Cette mascarade confirme simplement que la bonne volonté des associations n’a servi à rien. Celles-ci ont voulu jouer le jeu proposant un projet permettant de résoudre la quadrature du cercle, à savoir conserver Roland-Garros à Paris sans s’étendre sur le jardin des Serres d’Auteuil. Mais on voit bien que, depuis le début, les dés étaient pipés.
Si la FFT ne veut décidément pas s’agrandir sur l’autoroute, il ne lui reste qu’à déménager le tournoi en banlieue, par exemple à Marne-la-Vallée qui était candidate depuis le départ (et sûrement pas à Versailles, projet aussi destructeur que celui des Serres d’Auteuil).
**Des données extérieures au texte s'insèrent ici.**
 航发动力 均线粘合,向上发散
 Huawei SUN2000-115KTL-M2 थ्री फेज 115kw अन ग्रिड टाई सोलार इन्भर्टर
Chacun doit maintenant prendre ses responsabilités ; le Président de la République, qui a déclaré récemment : « tout doit être fait pour que sur chaque grand projet, tous les points de vue soient considérés, toutes les alternatives soient posées, tous les enjeux soient pris en compte et que l’intérêt général puisse être dégagé » et le ministère de l’Écologie et du Développement durable qui doit faire respecter les engagements pris en 2012 de passer le projet en Commission supérieure des sites, perspectives et paysages. Quant au Premier ministre Manuel Valls, qui s’est engagé imprudemment et sans conditions pour le projet de la FFT, ignorant la parole de l’État et l’exigence du Président de la République d’un débat qui ne soit pas biaisé, il devra comprendre qu’une telle opération ne peut être basé sur des engagements non tenus, et des conflits d’intérêts manifestes.